24105 Broughton

Discovery
- Discovered by: C. W. Juels
- Discovery site: Fountain Hills Obs.
- Discovery date: 9 November 1999

Designations
- Named after: John Broughton (Australian astronomer)
- Alternative designations: 1999 VE_{10} · 1997 BV_{6}
- Minor planet category: main-belt · (inner) background

Orbital characteristics
- Epoch 23 March 2018 (JD 2458200.5)
- Uncertainty parameter 0
- Observation arc: 20.97 yr (7,659 d)
- Aphelion: 2.4364 AU
- Perihelion: 2.2457 AU
- Semi-major axis: 2.3410 AU
- Eccentricity: 0.0407
- Orbital period (sidereal): 3.58 yr (1,308 d)
- Mean anomaly: 340.18°
- Mean motion: 0° 16^{m} 30.72^{s} / day
- Inclination: 7.3496°
- Longitude of ascending node: 310.72°
- Argument of perihelion: 164.63°

Physical characteristics
- Mean diameter: 3.65 km (calculated)
- Synodic rotation period: 15.9442±0.0250 h
- Geometric albedo: 0.24 (assumed)
- Spectral type: S
- Absolute magnitude (H): 13.907±0.005 (R) 14.0 14.36

= 24105 Broughton =

Background asteroid

24105 Broughton (provisional designation ') is a background asteroid from the inner regions of the asteroid belt, approximately 3.7 km in diameter.
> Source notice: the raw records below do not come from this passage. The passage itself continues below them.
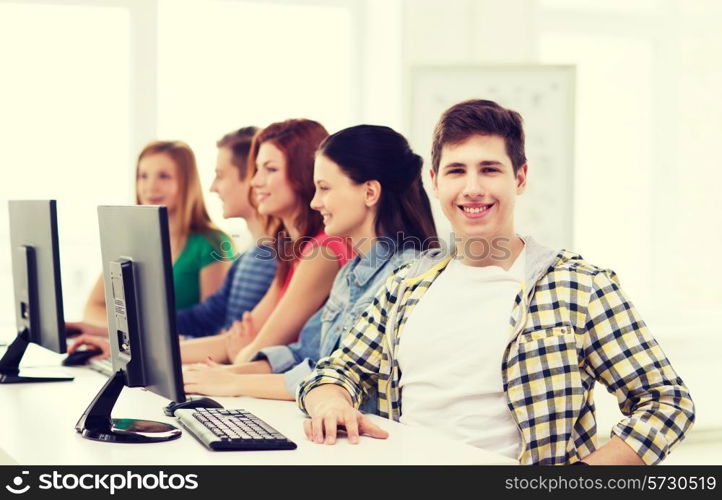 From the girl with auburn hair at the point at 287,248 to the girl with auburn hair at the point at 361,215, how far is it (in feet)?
0.68

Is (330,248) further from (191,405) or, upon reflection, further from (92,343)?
(92,343)

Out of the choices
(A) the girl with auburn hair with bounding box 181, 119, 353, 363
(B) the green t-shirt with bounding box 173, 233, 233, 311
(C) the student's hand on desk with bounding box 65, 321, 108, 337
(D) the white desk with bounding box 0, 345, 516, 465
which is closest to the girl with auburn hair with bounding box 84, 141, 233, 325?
(B) the green t-shirt with bounding box 173, 233, 233, 311

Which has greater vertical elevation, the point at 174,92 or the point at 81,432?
the point at 174,92

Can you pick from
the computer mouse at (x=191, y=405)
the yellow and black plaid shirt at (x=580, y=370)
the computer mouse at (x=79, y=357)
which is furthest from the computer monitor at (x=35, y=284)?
the yellow and black plaid shirt at (x=580, y=370)

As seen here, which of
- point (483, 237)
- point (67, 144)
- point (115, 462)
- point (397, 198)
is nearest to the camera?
point (115, 462)

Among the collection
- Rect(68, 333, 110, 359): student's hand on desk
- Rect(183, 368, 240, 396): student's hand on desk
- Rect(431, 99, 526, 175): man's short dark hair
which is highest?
Rect(431, 99, 526, 175): man's short dark hair

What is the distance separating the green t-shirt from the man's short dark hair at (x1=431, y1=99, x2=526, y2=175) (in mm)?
1814

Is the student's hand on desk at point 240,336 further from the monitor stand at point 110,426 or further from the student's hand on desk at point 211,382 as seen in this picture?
the monitor stand at point 110,426

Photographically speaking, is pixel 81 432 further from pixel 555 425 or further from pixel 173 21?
pixel 173 21

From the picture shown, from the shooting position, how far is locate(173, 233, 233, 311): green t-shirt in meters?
3.75

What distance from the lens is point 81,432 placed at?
195cm

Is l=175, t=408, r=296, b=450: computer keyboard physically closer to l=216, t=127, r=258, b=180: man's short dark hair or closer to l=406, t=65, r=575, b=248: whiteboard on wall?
l=216, t=127, r=258, b=180: man's short dark hair

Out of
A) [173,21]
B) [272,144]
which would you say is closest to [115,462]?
[272,144]

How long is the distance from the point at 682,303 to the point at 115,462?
4318mm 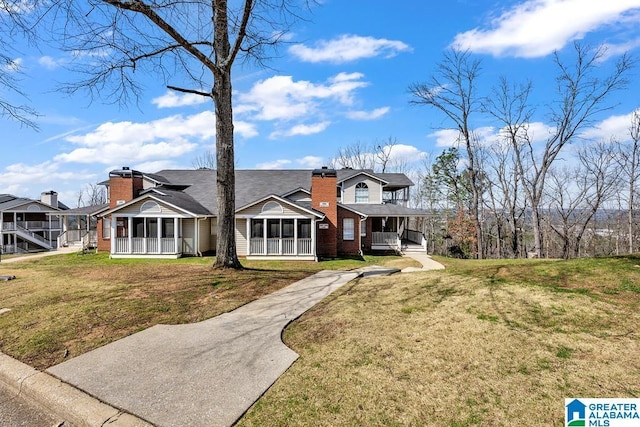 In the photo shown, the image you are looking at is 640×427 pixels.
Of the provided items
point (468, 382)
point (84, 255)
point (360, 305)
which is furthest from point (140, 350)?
point (84, 255)

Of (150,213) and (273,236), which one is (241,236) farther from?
(150,213)

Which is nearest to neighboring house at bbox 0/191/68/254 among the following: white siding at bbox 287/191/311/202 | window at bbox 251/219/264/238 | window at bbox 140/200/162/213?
window at bbox 140/200/162/213

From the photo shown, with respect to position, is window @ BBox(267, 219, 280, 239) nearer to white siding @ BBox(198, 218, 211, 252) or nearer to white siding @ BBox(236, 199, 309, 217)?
white siding @ BBox(236, 199, 309, 217)

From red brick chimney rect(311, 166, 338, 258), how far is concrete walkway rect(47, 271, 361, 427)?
13.0m

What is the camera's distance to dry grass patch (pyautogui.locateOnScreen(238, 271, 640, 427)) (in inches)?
112

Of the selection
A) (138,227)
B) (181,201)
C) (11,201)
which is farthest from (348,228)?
(11,201)

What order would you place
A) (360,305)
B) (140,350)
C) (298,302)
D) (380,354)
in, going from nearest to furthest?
1. (380,354)
2. (140,350)
3. (360,305)
4. (298,302)

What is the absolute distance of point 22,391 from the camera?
3.51 meters

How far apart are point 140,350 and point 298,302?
3134 millimetres

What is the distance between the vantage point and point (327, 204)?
18.6 metres

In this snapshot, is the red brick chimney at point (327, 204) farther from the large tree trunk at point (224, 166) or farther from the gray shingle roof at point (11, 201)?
the gray shingle roof at point (11, 201)

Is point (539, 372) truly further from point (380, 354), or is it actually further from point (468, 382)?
point (380, 354)

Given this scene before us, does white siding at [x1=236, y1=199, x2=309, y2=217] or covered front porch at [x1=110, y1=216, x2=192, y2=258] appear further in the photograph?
covered front porch at [x1=110, y1=216, x2=192, y2=258]

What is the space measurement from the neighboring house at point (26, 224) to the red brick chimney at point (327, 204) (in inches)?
1115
The assumed S-type asteroid was discovered on 9 November 1999, by American amateur astronomer Charles W. Juels at the Fountain Hills Observatory in Arizona, United States. It has a rotation period of 15.9 hours and was named after Australian amateur astronomer John Broughton.

== Orbit and classification ==
Broughton is non-family asteroid from the main belt's background population, located near the region occupied by the Flora family, one of the largest clans of stony asteroids. It orbits the Sun in the inner asteroid belt at a distance of 2.2–2.4 AU once every 3 years and 7 months (1,308 days; semi-major axis of 2.34 AU). Its orbit has an eccentricity of 0.04 and an inclination of 7° with respect to the ecliptic.

The asteroid was first observed as at the Japanese Tajimi Observatory in January 1997, where its observation arc begins in the following month, about 2 years prior to the asteroid's official discovery observation at Fountain Hills.

== Naming ==
This minor planet was named in honor of Australian amateur astronomer John Broughton (born 1952), a prolific discoverer of minor planets who received a "Shoemaker NEO Grant" in 2002. The approved naming citation was published by the Minor Planet Center on 26 November 2004 (M.P.C. 53176).

== Physical characteristics ==

=== Lightcurves ===
In October 2013, a rotational lightcurve of Broughton was obtained from photometric observations in the R-band by astronomers at the Palomar Transient Factory in California. Lightcurve analysis gave a rotation period of 15.9442 hours with a brightness variation of 0.34 magnitude (U=2).

=== Diameter and albedo ===
The Collaborative Asteroid Lightcurve Link assumes an albedo of 0.24 – derived from 8 Flora, the family's largest member and namesake – and calculates a diameter of 3.65 kilometers with an absolute magnitude of 14.36.